I am probably not alone in remembering the late 1970s or early 1980s, when everything seemed to go awry after the three decades of steady economic progress that had followed the second world war, and the end of America’s Vietnam war. I thought then that I would leave my children a better world than I inherited. How presumptuous I was. Only poets should be allowed to predict the future. I’d rather look back in anger at a past which is also difficult to apprehend. Predicting the past is less risky.

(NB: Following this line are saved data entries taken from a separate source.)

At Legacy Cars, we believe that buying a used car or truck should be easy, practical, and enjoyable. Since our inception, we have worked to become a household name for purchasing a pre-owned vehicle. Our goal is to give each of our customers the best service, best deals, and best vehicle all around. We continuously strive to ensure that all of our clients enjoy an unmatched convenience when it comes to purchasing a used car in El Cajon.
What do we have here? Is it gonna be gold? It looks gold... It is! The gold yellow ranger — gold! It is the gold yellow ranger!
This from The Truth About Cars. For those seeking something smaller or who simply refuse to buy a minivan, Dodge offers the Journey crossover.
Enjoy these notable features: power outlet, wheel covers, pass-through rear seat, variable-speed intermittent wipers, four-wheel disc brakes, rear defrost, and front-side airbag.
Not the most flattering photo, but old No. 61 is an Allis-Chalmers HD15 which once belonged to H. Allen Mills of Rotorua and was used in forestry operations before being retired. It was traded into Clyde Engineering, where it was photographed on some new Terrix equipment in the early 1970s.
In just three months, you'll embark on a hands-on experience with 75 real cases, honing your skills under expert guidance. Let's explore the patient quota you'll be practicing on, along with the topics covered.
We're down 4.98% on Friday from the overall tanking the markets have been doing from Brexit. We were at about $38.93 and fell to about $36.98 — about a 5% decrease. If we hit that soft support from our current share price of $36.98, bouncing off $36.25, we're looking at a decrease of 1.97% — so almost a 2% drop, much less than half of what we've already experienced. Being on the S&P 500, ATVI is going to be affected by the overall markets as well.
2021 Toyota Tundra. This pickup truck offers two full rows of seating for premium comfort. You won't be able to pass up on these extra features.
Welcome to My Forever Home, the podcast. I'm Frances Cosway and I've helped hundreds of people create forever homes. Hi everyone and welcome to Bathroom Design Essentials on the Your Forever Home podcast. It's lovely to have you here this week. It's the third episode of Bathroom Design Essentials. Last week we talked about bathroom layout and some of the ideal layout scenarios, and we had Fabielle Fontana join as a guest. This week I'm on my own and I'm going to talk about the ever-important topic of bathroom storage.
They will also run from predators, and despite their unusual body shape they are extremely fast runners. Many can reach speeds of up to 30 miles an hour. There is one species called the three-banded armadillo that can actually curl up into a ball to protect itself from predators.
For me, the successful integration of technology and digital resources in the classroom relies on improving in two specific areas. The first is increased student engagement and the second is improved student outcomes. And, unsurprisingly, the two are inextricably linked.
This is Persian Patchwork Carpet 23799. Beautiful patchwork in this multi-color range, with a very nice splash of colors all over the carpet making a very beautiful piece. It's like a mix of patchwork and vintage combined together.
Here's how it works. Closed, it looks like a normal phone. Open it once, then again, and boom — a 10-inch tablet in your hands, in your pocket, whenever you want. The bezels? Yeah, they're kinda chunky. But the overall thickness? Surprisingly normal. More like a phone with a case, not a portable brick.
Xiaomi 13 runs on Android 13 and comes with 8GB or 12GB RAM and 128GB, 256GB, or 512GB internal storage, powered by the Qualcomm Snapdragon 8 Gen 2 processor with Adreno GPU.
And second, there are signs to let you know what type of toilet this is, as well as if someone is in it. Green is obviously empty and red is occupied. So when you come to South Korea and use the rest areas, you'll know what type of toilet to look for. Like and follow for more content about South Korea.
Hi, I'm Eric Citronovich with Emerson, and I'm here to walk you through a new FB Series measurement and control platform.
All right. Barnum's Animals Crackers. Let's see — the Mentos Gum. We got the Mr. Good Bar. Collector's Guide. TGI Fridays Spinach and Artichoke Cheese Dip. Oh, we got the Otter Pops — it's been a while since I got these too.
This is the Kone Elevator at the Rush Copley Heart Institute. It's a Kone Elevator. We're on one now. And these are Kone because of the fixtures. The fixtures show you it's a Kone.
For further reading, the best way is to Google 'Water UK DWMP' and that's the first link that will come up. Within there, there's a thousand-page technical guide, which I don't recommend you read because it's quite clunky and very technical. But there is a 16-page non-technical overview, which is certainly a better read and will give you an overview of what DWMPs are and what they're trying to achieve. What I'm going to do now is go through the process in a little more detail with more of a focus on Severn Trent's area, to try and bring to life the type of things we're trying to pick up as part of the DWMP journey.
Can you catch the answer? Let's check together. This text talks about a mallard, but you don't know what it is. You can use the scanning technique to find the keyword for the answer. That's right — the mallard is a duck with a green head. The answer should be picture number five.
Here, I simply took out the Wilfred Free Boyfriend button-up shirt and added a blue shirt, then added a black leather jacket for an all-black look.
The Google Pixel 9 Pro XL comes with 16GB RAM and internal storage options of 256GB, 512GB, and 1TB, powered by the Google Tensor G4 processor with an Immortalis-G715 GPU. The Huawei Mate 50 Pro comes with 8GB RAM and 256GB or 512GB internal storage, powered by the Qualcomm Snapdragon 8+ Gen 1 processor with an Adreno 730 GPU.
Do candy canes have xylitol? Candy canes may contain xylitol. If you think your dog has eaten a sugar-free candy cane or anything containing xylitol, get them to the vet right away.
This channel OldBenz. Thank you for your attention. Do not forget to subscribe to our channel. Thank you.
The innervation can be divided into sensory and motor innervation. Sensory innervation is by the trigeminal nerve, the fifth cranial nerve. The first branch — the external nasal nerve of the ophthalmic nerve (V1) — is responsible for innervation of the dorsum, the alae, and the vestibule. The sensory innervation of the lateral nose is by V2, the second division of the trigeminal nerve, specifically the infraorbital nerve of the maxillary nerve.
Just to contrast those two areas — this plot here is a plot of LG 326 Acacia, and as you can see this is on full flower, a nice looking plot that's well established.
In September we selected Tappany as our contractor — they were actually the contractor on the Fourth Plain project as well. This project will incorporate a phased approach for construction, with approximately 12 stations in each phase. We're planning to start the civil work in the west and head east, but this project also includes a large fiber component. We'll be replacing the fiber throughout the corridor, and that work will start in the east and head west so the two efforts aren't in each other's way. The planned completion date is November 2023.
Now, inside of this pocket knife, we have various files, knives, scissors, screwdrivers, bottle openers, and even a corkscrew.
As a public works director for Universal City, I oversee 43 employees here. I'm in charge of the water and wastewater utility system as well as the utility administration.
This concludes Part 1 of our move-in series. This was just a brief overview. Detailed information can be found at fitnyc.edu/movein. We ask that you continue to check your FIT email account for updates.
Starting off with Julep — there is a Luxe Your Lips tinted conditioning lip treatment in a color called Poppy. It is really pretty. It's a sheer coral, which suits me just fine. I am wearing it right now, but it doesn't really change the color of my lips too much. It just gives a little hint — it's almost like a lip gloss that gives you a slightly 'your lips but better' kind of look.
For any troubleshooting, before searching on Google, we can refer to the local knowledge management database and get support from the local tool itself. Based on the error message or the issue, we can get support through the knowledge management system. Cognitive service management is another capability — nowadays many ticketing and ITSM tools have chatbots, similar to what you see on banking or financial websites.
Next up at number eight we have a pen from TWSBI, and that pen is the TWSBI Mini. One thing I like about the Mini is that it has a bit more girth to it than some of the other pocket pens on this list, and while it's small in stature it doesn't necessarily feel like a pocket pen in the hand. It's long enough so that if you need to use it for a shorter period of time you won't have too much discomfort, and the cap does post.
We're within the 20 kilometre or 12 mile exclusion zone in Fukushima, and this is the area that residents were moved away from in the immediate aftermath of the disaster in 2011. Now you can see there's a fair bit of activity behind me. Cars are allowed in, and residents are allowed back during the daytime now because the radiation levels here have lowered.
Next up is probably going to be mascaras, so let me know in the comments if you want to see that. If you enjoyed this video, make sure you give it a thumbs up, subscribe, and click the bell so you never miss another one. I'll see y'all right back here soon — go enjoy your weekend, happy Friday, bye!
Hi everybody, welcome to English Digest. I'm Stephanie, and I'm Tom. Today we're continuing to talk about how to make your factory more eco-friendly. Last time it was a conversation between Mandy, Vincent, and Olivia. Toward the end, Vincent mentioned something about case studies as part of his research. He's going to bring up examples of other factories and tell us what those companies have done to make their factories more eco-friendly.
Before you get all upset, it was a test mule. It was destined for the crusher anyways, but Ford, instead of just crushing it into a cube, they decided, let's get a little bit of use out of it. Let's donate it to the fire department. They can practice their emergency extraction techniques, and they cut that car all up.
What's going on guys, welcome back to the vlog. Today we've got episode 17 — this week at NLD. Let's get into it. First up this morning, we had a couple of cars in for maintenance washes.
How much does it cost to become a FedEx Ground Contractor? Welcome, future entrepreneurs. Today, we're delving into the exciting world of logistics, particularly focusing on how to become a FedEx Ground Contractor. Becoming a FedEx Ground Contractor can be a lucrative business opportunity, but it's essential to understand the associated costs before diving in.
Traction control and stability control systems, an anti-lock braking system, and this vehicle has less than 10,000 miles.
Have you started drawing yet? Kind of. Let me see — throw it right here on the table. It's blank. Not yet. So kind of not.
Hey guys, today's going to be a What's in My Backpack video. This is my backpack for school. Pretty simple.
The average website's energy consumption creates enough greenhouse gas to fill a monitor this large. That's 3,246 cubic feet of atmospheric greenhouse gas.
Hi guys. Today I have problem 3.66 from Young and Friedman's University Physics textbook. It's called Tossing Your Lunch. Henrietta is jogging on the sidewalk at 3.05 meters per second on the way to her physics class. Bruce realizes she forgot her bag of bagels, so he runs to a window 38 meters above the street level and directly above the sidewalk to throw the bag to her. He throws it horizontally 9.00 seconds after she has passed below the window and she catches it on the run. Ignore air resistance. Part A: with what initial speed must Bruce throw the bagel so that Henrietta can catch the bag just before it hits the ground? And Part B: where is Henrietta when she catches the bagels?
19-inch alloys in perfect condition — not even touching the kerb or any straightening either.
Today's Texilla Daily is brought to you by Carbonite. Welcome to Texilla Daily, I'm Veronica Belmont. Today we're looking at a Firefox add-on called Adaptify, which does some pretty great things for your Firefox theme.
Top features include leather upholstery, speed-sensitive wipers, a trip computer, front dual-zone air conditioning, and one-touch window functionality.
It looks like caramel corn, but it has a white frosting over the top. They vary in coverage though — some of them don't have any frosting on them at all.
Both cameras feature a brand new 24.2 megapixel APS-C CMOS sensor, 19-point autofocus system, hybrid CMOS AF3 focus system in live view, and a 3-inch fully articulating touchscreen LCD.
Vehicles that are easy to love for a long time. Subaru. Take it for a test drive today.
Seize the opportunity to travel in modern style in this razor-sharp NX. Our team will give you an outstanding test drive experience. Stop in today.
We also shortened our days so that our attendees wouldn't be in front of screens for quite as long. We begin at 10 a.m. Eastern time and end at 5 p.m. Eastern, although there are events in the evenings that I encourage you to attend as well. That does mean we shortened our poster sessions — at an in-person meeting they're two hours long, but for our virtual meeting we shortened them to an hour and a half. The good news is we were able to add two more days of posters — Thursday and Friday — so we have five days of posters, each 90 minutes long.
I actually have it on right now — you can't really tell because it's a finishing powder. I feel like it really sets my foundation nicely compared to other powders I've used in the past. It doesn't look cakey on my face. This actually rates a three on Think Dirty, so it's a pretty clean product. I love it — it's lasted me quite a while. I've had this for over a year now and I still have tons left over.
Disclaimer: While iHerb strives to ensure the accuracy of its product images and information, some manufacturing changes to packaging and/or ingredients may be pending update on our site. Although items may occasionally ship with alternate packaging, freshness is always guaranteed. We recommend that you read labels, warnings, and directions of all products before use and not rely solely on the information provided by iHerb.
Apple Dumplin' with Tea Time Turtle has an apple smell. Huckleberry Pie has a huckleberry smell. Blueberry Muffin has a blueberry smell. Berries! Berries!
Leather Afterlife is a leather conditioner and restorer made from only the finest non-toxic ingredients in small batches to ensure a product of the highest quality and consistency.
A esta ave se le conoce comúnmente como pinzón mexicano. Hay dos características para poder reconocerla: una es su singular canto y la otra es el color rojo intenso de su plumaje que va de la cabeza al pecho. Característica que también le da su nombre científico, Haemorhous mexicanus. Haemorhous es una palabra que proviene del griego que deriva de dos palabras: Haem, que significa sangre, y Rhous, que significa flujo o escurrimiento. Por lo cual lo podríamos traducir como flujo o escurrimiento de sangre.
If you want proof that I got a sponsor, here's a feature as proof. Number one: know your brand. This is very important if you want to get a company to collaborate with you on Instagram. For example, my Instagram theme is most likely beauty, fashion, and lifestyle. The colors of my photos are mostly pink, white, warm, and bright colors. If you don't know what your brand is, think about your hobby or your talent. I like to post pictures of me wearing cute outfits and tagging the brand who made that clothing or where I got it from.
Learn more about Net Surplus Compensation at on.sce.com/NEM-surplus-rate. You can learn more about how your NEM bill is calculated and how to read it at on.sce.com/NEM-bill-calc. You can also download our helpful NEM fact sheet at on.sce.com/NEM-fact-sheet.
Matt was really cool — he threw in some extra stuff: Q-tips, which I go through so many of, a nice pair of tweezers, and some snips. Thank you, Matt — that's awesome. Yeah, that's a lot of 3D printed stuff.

The Chinese say that New Year is the time to settle all debts. But governments are piling up debts to appease their disgruntled voters, to pay for their own lack of courage and imagination, or just because they have grown too big for their boots. They govern on credit, leaving their bills for our children, who won’t be able to hold them to account. Chirac, Blair and Brown, Schröder (and no doubt his successor Merkel), Berlusconi or Bush all add “pork” to soften the bitter pill of economic liberalism.
But Chirac is not De Gaulle, Blair is no Churchill, nor George W Bush JFK or Reagan. He is not even Bill Clinton, who restored a budget surplus after decades of deficit, only to see it squandered after he left the White House. Today’s world has become the world of the common man. History is not the flavour of the season.
Why, for instance, did Chirac not celebrate the bicentennial of Napoleon’s victory at Austerlitz – the French counterpart of Britain’s Trafalgar – though he sent the aircraft carrier Charles De Gaulle to celebrate the 200th anniversary of Nelson’s triumph over the same Napoleon six weeks earlier?
Why did he not commemorate the 1905 bill that separated church and state and paved the way to a peaceful relationship between God and Caesar, at a time when Europe is unable to deal with its Muslim minorities?
The continuing war in Iraq is far from bringing peace and democracy to the middle east or elsewhere in the world. The Montreal conference on global warming ended up with a figleaf compromise because of US objections to any meaningful measures, despite warnings that action is urgently needed. The European Union limps through a crisis that threatens its survival as a political entity after the rout of its constitutional ambitions; haggling over the budget, the British “rebate” and the Common Agricultural Policy shows how the ideal of Europe is withering away in the face of petty national interests.
The World Trade Organisation’s Hong Kong conference started with a clash of egos between the United States and the European Union while Africa waited for a sign that affluent countries cared for its fate in action rather than in words. “The vision, stupid”, Bill Clinton could have said. May 2006 prove the pessimists wrong and turn the clock back to the future. Meanwhile, I am going to visit an exhibition calledMélancolie in the newly- renovated Grand Palais in Paris. “Tout un programme”!